3. Replace the initialization by aer_ratelimit_print_init()in
Native AER case.
Test with AER inject:
Set the DPC reporting priority in the BIOS and send
MalfTLP(AER FATAL ERROR) to device.
-- Error log normal (line breaks adjusted)
[ 5366.943807] pcieport 0000:20:00.0: DPC: containment event,
status:0x1f11: unmasked uncorrectable error detected
[ 5366.943826] pcieport 0000:20:00.0: PCIe Bus Error:
severity=Uncorrectable (Fatal), type=Transaction Layer, (Receiver ID)
[root@localhost ~]# [ 5366.943830] pcieport 0000:20:00.0:
device [19e5:a120] error status/mask=00040000/04580000
[ 5366.943833] pcieport 0000:20:00.0: [18] MalfTLP (First)
[ 5366.943836] pcieport 0000:20:00.0: AER: TLP Header:
0x00000000 0x00000000 0x00000000 0x00000000
[ 5366.943843] nvme nvme0: frozen state error detected, reset controller
[ 5368.156778] {2}[Hardware Error]: Hardware error from APEI Generic
Hardware Error Source: 0
Fixes: a57f2bfb4a58 ("PCI/AER: Ratelimit correctable and non-fatal error logging")
Signed-off-by: Sizhe Liu <liusizhe5@huawei.com>
---
drivers/pci/pci.h | 1 +
drivers/pci/pcie/aer.c | 35 +++++++++++++++++++++++------------
drivers/pci/pcie/dpc.c | 1 +
3 files changed, 25 insertions(+), 12 deletions(-)
diff --git a/drivers/pci/pci.h b/drivers/pci/pci.h
index 0e67014aa001..0cbcbcd52354 100644
--- a/drivers/pci/pci.h
+++ b/drivers/pci/pci.h
@@ -748,6 +748,7 @@ struct aer_err_info {
int aer_get_device_error_info(struct aer_err_info *info, int i);
void aer_print_error(struct aer_err_info *info, int i);
+void aer_ratelimit_print_init(struct pci_dev *dev, struct aer_err_info *e_info, int idx);
int pcie_read_tlp_log(struct pci_dev *dev, int where, int where2,
unsigned int tlp_len, bool flit,
diff --git a/drivers/pci/pcie/aer.c b/drivers/pci/pcie/aer.c
index e0bcaa896803..b73915b63327 100644
--- a/drivers/pci/pcie/aer.c
+++ b/drivers/pci/pcie/aer.c
@@ -925,6 +925,28 @@ int cper_severity_to_aer(int cper_severity)

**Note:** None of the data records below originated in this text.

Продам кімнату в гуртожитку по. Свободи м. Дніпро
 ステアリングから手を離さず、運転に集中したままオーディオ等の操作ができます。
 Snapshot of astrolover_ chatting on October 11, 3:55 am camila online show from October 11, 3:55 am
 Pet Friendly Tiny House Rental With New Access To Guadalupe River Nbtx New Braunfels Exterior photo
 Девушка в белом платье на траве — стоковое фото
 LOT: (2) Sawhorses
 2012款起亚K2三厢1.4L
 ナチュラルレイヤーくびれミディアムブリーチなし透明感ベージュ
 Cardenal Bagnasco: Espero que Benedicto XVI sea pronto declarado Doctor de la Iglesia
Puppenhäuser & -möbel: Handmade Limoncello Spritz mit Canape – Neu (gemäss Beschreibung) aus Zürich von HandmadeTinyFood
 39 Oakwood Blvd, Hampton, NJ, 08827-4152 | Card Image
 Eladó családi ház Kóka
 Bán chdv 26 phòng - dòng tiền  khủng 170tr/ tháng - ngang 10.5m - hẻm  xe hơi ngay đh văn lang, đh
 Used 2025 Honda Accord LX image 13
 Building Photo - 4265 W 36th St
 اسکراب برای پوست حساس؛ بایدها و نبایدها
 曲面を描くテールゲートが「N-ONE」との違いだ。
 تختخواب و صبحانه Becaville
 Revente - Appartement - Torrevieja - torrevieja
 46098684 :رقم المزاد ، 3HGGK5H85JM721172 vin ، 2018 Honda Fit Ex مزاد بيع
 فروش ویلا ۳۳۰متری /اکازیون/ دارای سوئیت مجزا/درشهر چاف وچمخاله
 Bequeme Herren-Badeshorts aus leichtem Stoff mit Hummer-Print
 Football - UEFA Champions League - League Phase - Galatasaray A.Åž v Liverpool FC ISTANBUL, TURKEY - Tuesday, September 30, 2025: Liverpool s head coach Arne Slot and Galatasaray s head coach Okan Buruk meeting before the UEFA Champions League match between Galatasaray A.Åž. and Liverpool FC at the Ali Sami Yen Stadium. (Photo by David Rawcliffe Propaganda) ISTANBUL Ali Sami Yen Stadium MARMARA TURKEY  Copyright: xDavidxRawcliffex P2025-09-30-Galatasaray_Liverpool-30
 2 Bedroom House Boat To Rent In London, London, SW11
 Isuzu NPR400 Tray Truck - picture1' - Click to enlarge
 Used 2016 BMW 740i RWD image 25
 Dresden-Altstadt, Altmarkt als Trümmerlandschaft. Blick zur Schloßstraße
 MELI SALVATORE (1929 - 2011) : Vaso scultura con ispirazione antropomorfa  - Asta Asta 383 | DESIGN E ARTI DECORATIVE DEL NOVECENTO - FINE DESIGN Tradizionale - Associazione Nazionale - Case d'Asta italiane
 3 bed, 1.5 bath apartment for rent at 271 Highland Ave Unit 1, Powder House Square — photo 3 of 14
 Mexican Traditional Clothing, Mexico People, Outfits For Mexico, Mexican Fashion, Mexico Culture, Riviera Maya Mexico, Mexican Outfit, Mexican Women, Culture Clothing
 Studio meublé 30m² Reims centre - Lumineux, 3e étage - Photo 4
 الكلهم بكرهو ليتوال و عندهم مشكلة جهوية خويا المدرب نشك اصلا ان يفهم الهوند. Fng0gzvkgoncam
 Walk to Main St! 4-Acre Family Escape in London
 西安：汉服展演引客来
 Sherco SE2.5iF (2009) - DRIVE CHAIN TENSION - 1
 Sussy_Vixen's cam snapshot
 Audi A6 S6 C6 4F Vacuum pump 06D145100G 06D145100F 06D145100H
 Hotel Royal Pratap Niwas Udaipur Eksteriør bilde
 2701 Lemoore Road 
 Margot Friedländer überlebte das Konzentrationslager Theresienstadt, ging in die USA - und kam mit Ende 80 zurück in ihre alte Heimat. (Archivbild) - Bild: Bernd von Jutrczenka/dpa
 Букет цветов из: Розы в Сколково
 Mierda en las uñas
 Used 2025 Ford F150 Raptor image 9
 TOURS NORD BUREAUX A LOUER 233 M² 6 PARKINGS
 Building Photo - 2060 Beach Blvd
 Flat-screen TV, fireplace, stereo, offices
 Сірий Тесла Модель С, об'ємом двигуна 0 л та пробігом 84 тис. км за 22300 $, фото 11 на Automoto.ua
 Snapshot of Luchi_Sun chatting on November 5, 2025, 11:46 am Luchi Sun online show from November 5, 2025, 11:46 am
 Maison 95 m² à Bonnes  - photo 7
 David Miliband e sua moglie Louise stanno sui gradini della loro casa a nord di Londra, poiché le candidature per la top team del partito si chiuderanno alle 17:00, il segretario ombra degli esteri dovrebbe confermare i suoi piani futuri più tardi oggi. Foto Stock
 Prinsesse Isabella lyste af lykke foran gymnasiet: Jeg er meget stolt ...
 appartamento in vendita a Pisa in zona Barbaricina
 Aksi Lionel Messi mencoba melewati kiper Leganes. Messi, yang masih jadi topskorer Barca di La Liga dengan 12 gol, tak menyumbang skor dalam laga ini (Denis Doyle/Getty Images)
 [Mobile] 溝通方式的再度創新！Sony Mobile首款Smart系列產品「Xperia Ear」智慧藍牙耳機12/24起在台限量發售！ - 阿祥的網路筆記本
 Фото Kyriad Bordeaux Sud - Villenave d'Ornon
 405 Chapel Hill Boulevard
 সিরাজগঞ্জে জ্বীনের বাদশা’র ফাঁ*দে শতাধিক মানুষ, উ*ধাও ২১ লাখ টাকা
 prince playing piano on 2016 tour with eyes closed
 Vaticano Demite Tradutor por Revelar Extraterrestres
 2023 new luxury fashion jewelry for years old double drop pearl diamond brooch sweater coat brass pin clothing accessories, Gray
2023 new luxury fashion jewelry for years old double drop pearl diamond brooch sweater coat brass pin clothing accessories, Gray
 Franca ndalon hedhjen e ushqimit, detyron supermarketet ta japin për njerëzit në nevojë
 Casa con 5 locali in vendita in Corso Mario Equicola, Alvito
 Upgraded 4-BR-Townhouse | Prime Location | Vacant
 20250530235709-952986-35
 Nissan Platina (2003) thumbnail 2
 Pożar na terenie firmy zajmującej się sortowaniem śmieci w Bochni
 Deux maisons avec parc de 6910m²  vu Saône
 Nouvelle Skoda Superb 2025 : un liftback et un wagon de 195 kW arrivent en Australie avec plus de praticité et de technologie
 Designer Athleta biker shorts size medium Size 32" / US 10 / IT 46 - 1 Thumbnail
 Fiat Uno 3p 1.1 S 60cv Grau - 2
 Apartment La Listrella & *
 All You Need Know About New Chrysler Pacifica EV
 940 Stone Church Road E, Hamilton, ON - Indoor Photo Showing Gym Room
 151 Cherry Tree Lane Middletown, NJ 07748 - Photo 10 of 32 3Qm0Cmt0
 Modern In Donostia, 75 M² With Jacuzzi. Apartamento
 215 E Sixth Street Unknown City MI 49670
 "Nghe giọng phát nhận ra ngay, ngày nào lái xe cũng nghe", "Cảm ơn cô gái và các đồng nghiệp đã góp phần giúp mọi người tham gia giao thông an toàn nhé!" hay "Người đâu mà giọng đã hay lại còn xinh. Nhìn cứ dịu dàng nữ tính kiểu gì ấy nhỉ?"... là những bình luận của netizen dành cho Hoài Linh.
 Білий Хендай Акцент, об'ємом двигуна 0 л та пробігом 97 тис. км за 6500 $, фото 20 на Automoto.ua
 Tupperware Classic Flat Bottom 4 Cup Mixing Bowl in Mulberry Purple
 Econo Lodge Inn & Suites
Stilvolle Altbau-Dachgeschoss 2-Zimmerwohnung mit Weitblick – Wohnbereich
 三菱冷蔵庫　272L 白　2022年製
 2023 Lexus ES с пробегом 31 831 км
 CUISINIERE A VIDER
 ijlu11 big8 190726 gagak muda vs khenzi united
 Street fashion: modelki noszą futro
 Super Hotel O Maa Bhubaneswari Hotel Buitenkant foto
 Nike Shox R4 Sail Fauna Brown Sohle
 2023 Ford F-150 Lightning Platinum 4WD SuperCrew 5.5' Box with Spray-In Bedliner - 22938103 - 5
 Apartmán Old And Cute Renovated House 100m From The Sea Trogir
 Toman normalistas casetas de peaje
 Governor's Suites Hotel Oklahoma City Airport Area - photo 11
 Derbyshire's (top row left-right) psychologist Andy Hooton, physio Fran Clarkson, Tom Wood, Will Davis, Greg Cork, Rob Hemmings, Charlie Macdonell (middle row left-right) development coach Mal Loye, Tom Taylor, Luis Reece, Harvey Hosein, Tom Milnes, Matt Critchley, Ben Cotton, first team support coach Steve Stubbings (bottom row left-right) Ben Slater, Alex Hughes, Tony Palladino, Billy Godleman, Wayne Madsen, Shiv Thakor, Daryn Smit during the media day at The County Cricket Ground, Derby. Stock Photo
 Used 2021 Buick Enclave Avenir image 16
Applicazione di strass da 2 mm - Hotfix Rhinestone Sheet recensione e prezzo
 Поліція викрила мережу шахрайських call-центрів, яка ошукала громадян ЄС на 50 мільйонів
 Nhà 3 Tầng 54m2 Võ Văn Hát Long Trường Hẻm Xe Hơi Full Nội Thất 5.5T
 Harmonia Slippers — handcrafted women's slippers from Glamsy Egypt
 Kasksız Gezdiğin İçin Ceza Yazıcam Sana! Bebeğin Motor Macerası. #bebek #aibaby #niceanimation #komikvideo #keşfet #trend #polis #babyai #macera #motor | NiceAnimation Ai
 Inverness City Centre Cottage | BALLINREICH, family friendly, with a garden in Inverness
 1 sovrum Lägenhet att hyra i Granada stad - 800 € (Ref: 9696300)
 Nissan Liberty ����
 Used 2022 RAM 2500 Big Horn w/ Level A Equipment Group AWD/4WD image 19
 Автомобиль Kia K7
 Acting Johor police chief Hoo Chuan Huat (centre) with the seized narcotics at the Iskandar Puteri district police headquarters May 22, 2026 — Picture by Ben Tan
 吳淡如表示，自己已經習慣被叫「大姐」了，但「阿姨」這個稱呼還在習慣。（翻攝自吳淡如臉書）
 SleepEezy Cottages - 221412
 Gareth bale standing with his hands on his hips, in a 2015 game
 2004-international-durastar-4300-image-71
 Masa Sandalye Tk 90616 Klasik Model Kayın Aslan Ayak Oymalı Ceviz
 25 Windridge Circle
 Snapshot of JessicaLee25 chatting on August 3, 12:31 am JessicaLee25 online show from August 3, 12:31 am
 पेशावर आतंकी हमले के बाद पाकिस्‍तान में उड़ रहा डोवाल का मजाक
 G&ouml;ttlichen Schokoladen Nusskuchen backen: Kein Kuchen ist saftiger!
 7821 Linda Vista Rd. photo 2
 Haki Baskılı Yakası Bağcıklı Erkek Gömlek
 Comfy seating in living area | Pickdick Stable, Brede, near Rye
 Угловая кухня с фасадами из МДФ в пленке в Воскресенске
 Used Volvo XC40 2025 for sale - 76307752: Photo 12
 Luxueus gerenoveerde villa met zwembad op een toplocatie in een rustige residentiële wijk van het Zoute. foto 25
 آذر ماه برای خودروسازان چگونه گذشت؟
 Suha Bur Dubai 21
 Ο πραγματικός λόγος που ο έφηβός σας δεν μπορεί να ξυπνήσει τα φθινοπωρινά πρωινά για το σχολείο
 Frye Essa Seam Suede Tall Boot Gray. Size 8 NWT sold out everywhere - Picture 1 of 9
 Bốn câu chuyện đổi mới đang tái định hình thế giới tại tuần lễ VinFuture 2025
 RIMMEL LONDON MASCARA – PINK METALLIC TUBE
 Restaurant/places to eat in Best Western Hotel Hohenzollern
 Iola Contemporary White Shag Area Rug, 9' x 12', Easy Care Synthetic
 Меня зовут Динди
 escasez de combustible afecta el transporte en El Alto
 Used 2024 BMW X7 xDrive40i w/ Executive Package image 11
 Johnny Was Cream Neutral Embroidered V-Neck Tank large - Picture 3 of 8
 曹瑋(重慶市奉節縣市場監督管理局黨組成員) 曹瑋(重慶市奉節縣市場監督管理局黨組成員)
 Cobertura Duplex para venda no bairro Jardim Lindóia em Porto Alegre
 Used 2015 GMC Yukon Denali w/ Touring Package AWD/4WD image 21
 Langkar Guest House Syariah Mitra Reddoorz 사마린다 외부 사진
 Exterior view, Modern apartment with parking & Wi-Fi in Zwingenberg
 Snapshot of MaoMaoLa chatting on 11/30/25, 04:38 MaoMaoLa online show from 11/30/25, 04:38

EXPORT_SYMBOL_GPL(cper_severity_to_aer);
#endif
+/**
+ * aer_ratelimit_print_init - set flag whether error message is printed
+ * @dev: pointer to pci_dev to be rate-limited
+ * @e_info: pointer to error info
+ * @idx: index for ratelimit_print array
+ */
+void aer_ratelimit_print_init(struct pci_dev *dev, struct aer_err_info *e_info, int idx)
+{
+ /*
+ * Ratelimit AER log messages. "dev" is either the source
+ * identified by the root's Error Source ID or it has an unmasked
+ * error logged in its own AER Capability. Messages are emitted
+ * when "ratelimit_print[i]" is non-zero. If we will print detail
+ * for a downstream device, make sure we print the Error Source ID
+ * from the root as well.
+ */
+ if (aer_ratelimit(dev, e_info->severity)) {
+ e_info->ratelimit_print[idx] = 1;
+ e_info->root_ratelimit_print = 1;
+ }
+}
+
void pci_print_aer(struct pci_dev *dev, int aer_severity,
struct aer_capability_regs *aer)
{
@@ -990,18 +1012,7 @@ static int add_error_device(struct aer_err_info *e_info, struct pci_dev *dev)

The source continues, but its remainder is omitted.